Published March 26, 2016

WASHINGTON — The indictment charging seven Iranian hackers with attacking dozens of banks and a small dam near New York City is part of a strategy to "name and shame" foreign governments that support such attacks, the Justice Department's top national security official said Friday.

Where punishing cyberattacks were once investigated mostly for intelligence purposes, U.S. officials are increasingly investigating them with an eye toward building a criminal prosecution and identifying by name the hackers believed responsible — and the foreign nation that may be sponsoring them.

"We need to show that these are not anonymous, that there's no free pass because you do it behind a keyboard in a country far away," Assistant Attorney General John Carlin, the head of the department's national security division, said in an interview with the Associated Press.

U.S. officials say the strategy, in place since 2012, also is demonstrated in indictments two years ago linking Chinese military hackers to economic espionage of American corporations and in the public blaming of North Korea for a cyberattack against Sony Pictures Entertainment.

The goal, Carlin said, is to have a new "sheriff" patrolling a cyberspace that he says has long resembled the Wild West, where foreign hackers have acted with impunity.
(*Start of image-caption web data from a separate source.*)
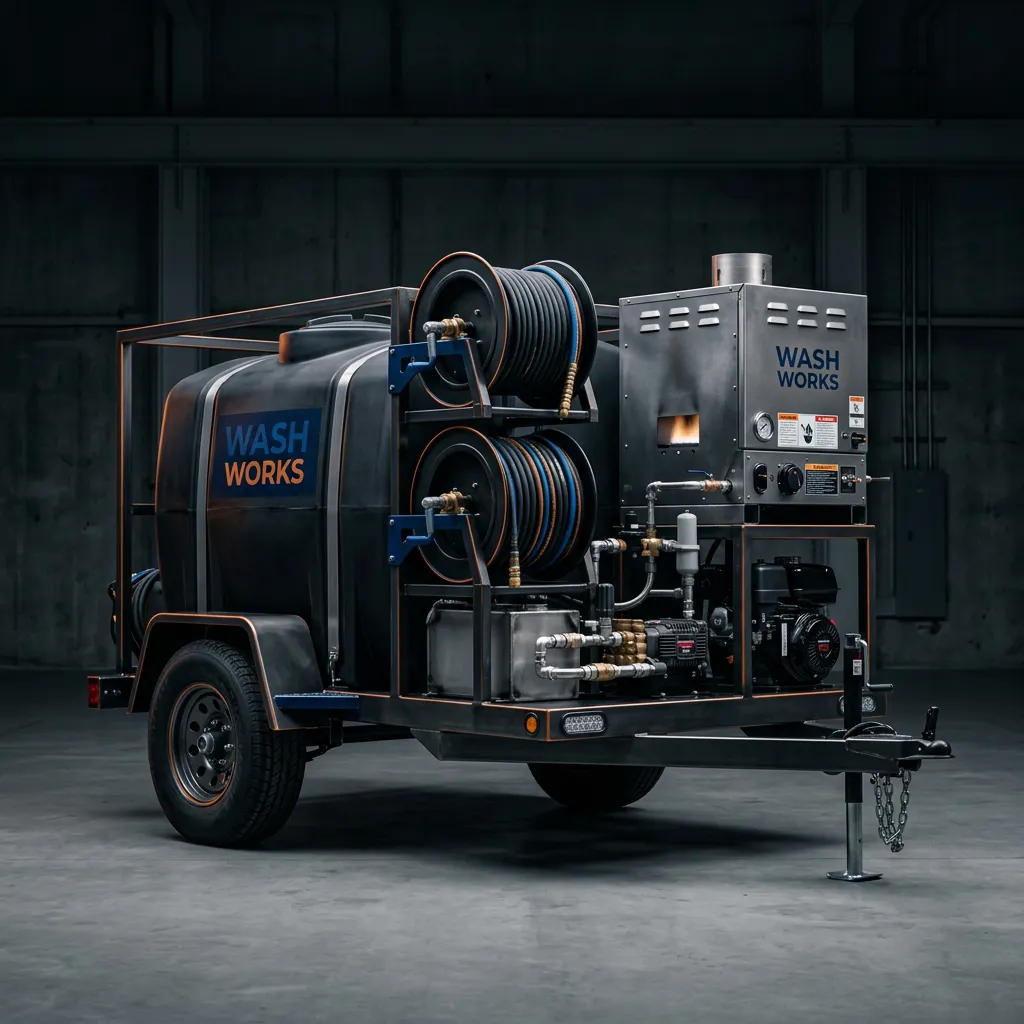 Heavy-duty Wash Works turnkey commercial pressure and soft wash trailer rig system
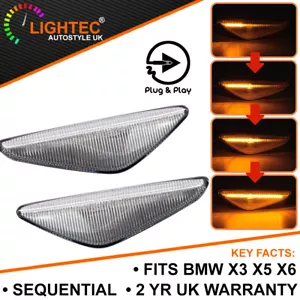 2x Dynamic Side Indicator LED Repeater Light For BMW X3 F25 X5 E70 X6 E71 Clear - Picture 1 of 5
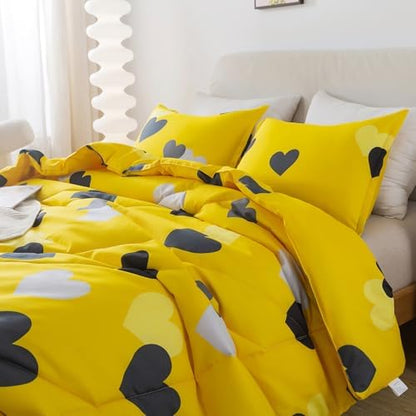 Caressma Farmhouse Yellow Queen Size Comforter Set 3 Pieces Bedding Set with Black Heart All Season Fluffy Soft Lightweight(1 Comforter & 2 Pillowshams)
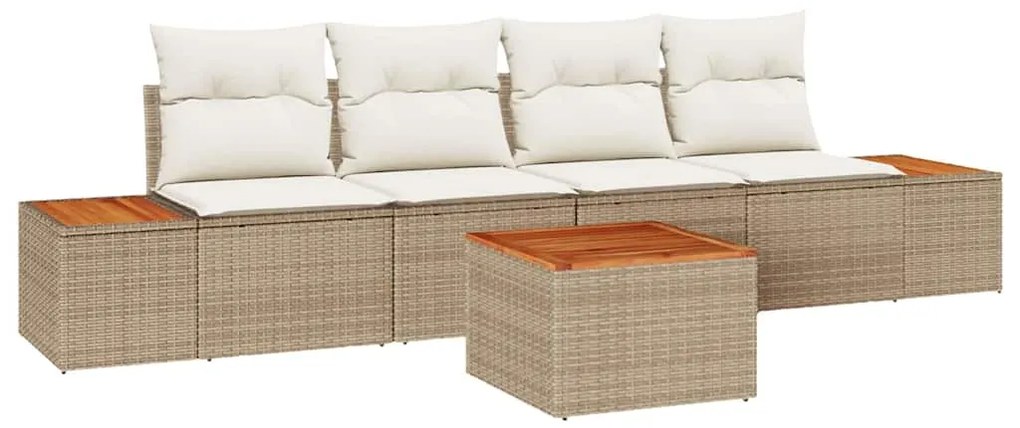 Conjunto de Sofá de Jardim com 5 Peças e Almofadas Bege em Rattan Poli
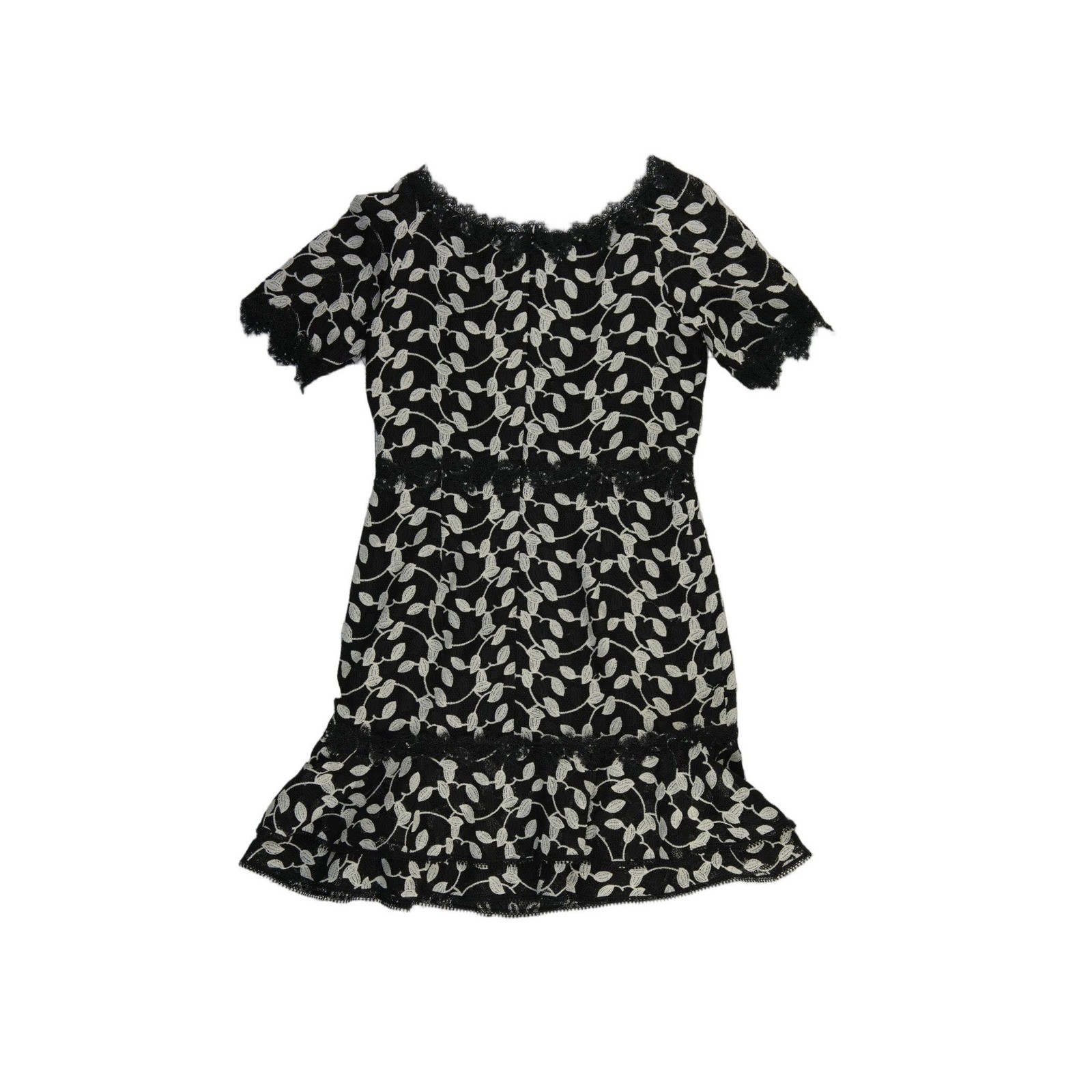 Shani Fit Flare Cocktail Dress Women Size 10 Black Cream Embroidered Lace Ruffle - Image 3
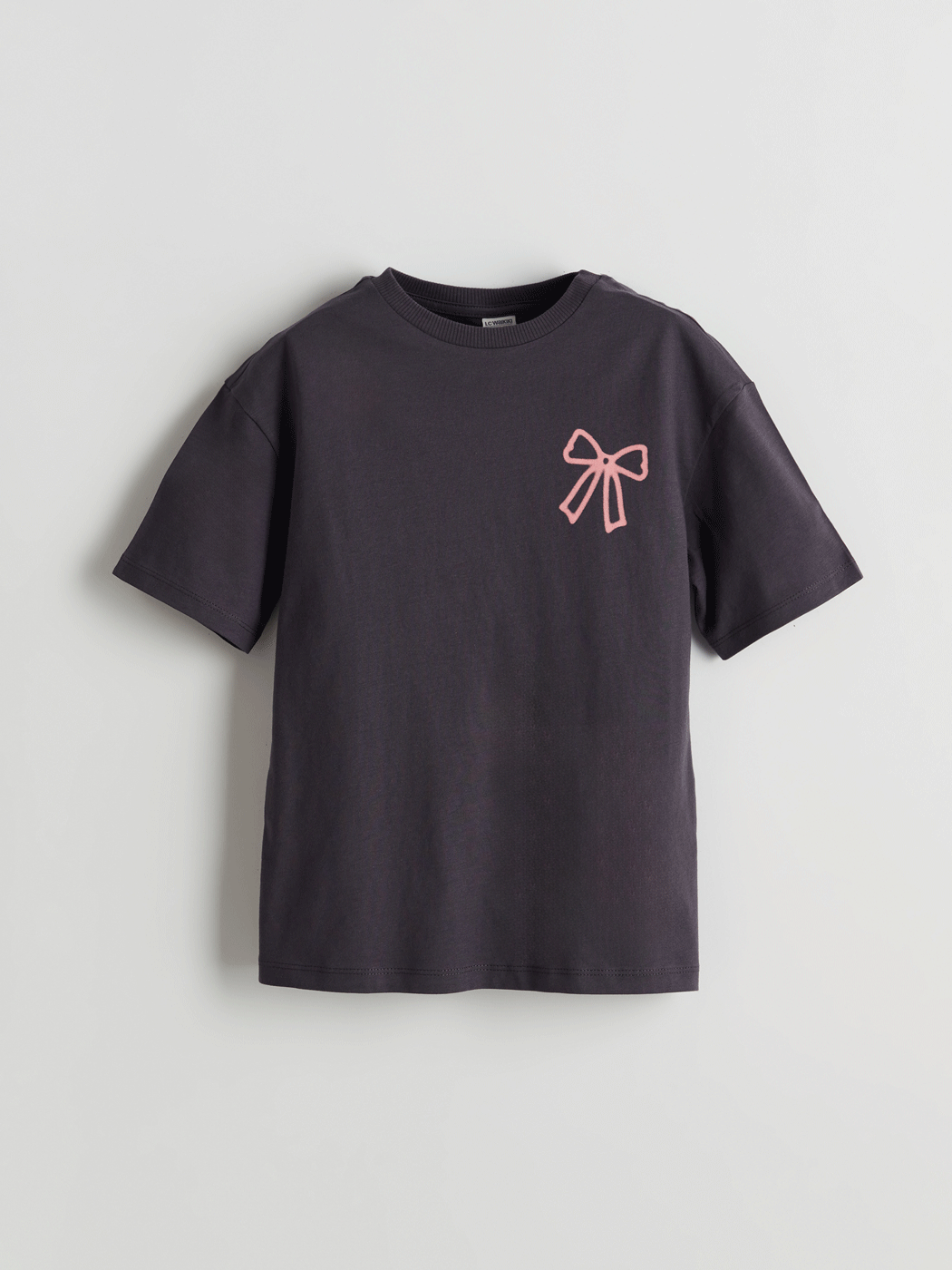 LCW Kids Antrasit Bisiklet Yaka Fiyonk Baskılı Kız Çocuk Tişört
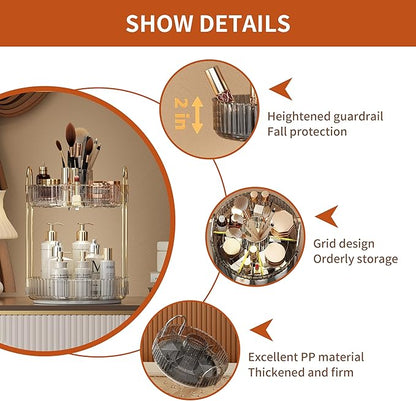YCIA&DONE Rotating Makeup Organizer for Vanity, Large Capacity Make Up Storage Skin care Shelf Perfume Holders Cosmetic Dresser Organizer Countertop Spinning 360 (White Clear, 2Tiers)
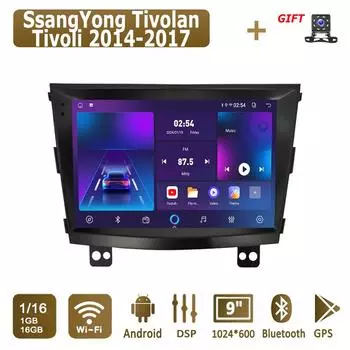 Android Car Radio для SsangYong Tivolan Tivoli 2014-2017 Мультимедийный проигрыватель Головное устройство Стерео GPS Навигация BT WIFI 1+16 ГБ 1+16GB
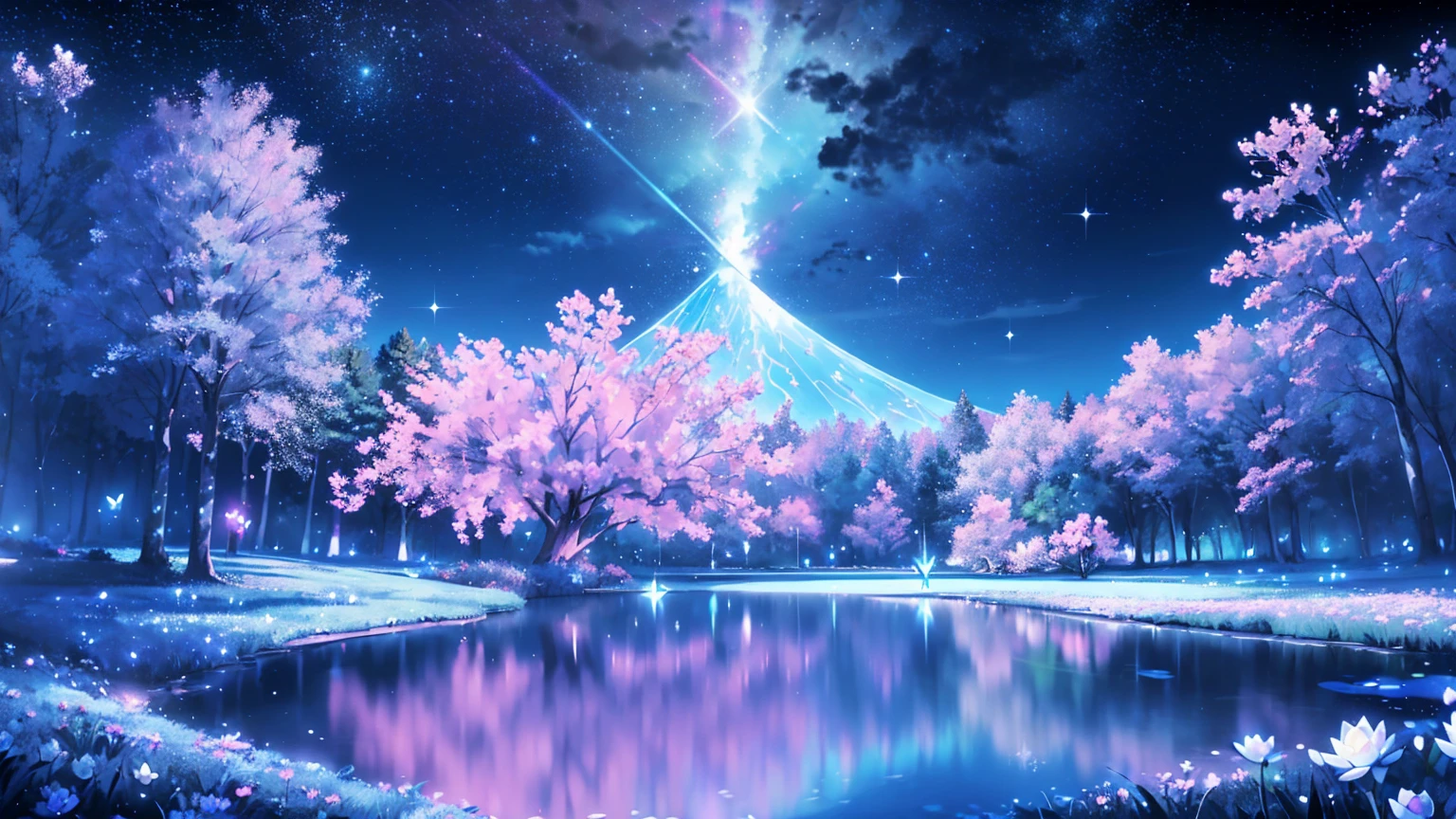 Mystical landscape with ((luminous starry blue and white flowers emitting light particles surrounding pond)),softly glowing butterflies, (one beautiful vivid purple sakura tree), (((unique view with extremely vivid multicolors without any people))), {extremely detailed 16k CG unity wallpaper}, expansive natural landscape photography, (wide open field view), (low angle shot),complex details, (iridescent colors: 1.6), (dark night lighting), (atmospheric lighting), Dreamy, unique, no people, reflections perfect,(no humans),landscape only, pixiv_fantasia,((starry glittering pond,water filled with shimmering stardust)),dark night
"If you let someone walk across your lawn long enough and don't tell them to stop, they get the right to walk across your lawn," he said.

It's hard to prove the strategy's effectiveness, or whether such indictments actually lead to a decrease in hacking attempts. It's also unclear whether any of the Iranian hackers will ever be apprehended. The five Chinese defendants indicted on similar charges in May 2014 have yet to appear in an American courtroom.